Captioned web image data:
##############################

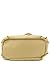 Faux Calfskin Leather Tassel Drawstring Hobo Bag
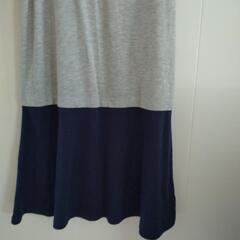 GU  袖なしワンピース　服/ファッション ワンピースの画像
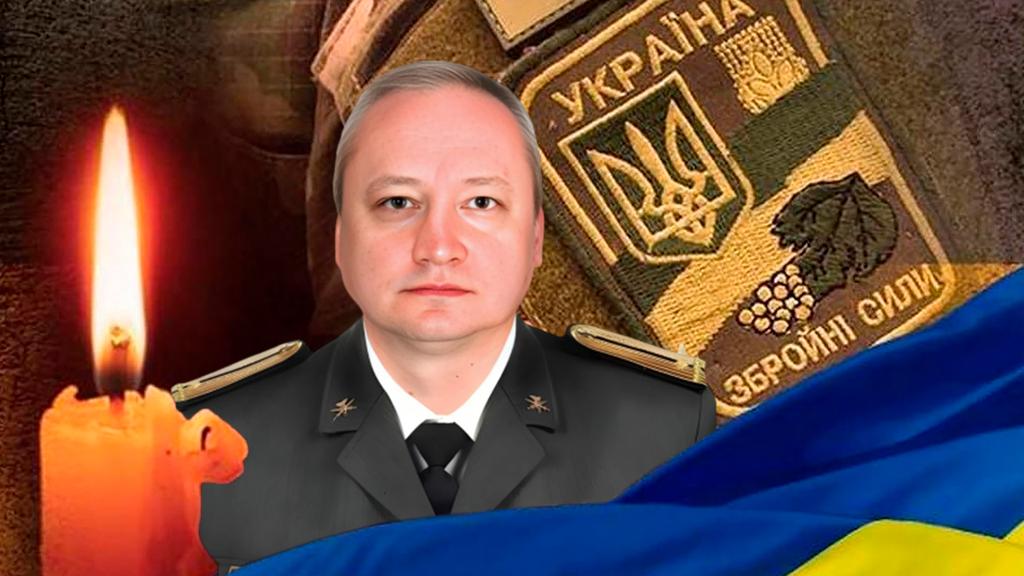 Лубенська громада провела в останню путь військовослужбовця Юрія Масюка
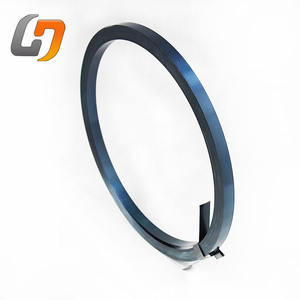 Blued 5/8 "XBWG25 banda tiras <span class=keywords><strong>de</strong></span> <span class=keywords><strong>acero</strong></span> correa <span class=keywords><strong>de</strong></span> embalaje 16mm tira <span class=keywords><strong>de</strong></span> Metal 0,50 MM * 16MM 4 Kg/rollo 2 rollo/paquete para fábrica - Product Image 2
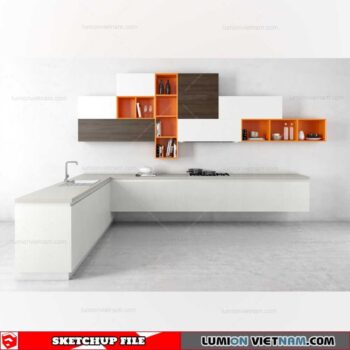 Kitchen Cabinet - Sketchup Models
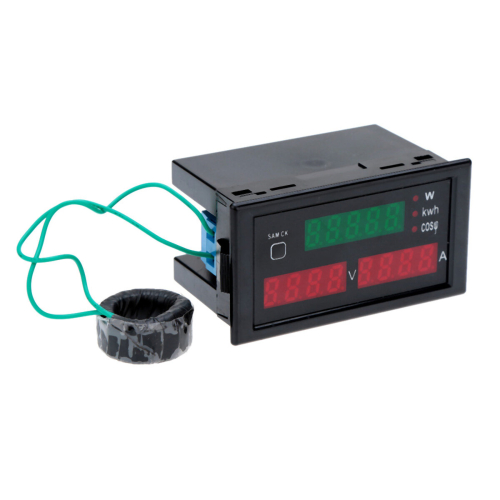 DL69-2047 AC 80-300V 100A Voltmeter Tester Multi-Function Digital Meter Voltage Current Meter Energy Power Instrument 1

##############################

*Exercise aim*
Locate the line containing "Лубенська громада провела" in the records above, then output it and every line after it through the last, excluding pictures.

*Answer*
 Лубенська громада провела в останню путь військовослужбовця Юрія Масюка
 Blued 5/8 "XBWG25 banda tiras <span class=keywords><strong>de</strong></span> <span class=keywords><strong>acero</strong></span> correa <span class=keywords><strong>de</strong></span> embalaje 16mm tira <span class=keywords><strong>de</strong></span> Metal 0,50 MM * 16MM 4 Kg/rollo 2 rollo/paquete para fábrica - Product Image 2
 Kitchen Cabinet - Sketchup Models
 DL69-2047 AC 80-300V 100A Voltmeter Tester Multi-Function Digital Meter Voltage Current Meter Energy Power Instrument 1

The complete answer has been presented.